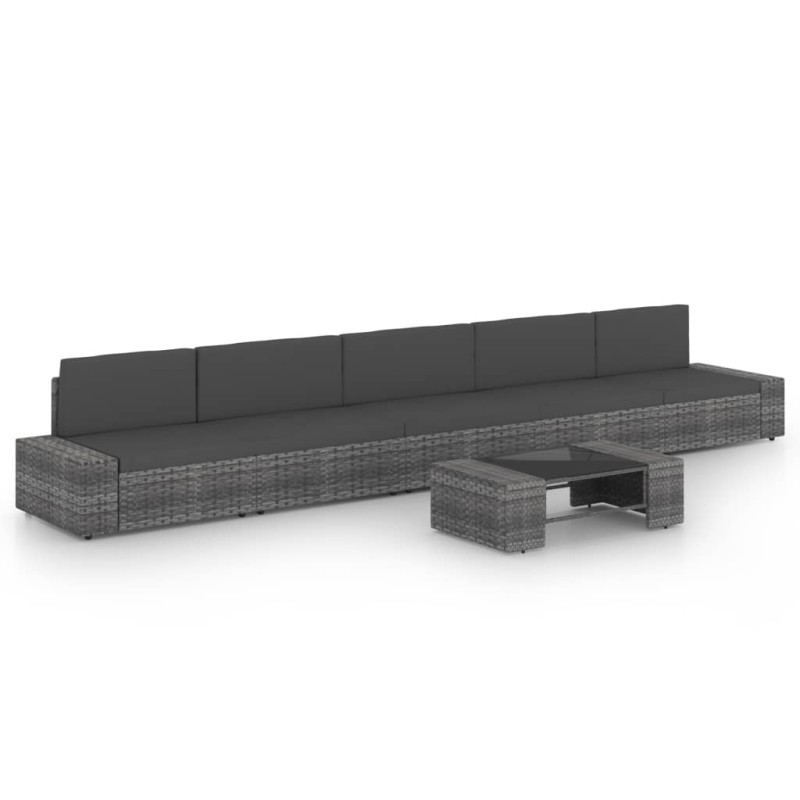 vidaXL 6-tlg. Garten-Lounge-Set mit Kissen Grau Poly Rattan vidaXL 6-tlg. Garten-Lounge-Set mit Kissen Grau Poly Rattan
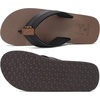 image:imageKuaiLu Mens Faux Leather Flip Flops with Comfortable Arch Support  Summer Beach Yoga Mat Cushion Walking Thong Sandals Slip On Indoor OutdoorBlack Brown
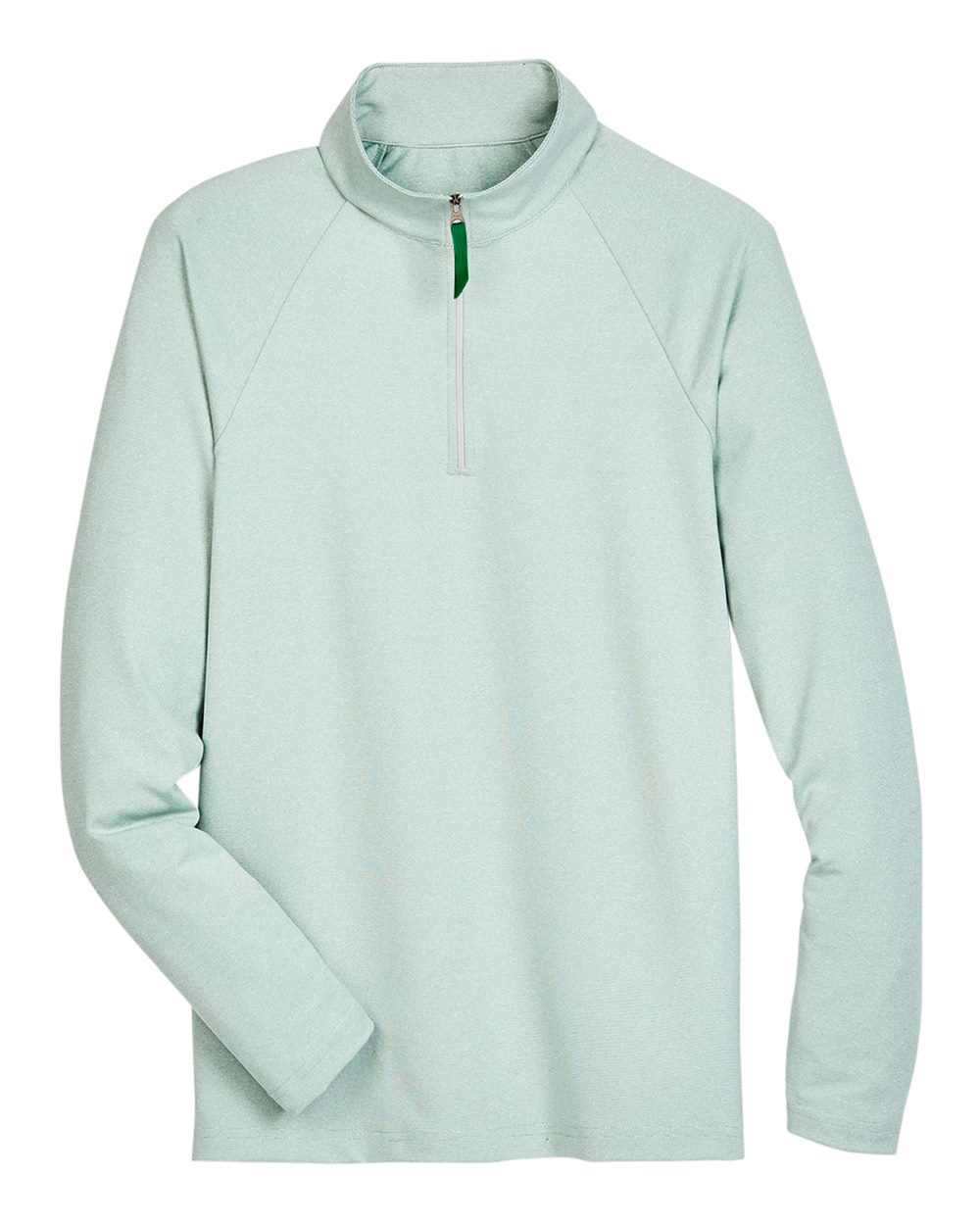 Front View of Kelly Green Men's CrownLux Performance® Clubhouse Micro-Stripe Quarter-Zip Pullover - DG480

*Your assignment*:
The answer is the full listing above, reproduced character for character, minus its images.

*Written response*:
 vidaXL 6-tlg. Garten-Lounge-Set mit Kissen Grau Poly Rattan vidaXL 6-tlg. Garten-Lounge-Set mit Kissen Grau Poly Rattan
 image:imageKuaiLu Mens Faux Leather Flip Flops with Comfortable Arch Support  Summer Beach Yoga Mat Cushion Walking Thong Sandals Slip On Indoor OutdoorBlack Brown
 Front View of Kelly Green Men's CrownLux Performance® Clubhouse Micro-Stripe Quarter-Zip Pullover - DG480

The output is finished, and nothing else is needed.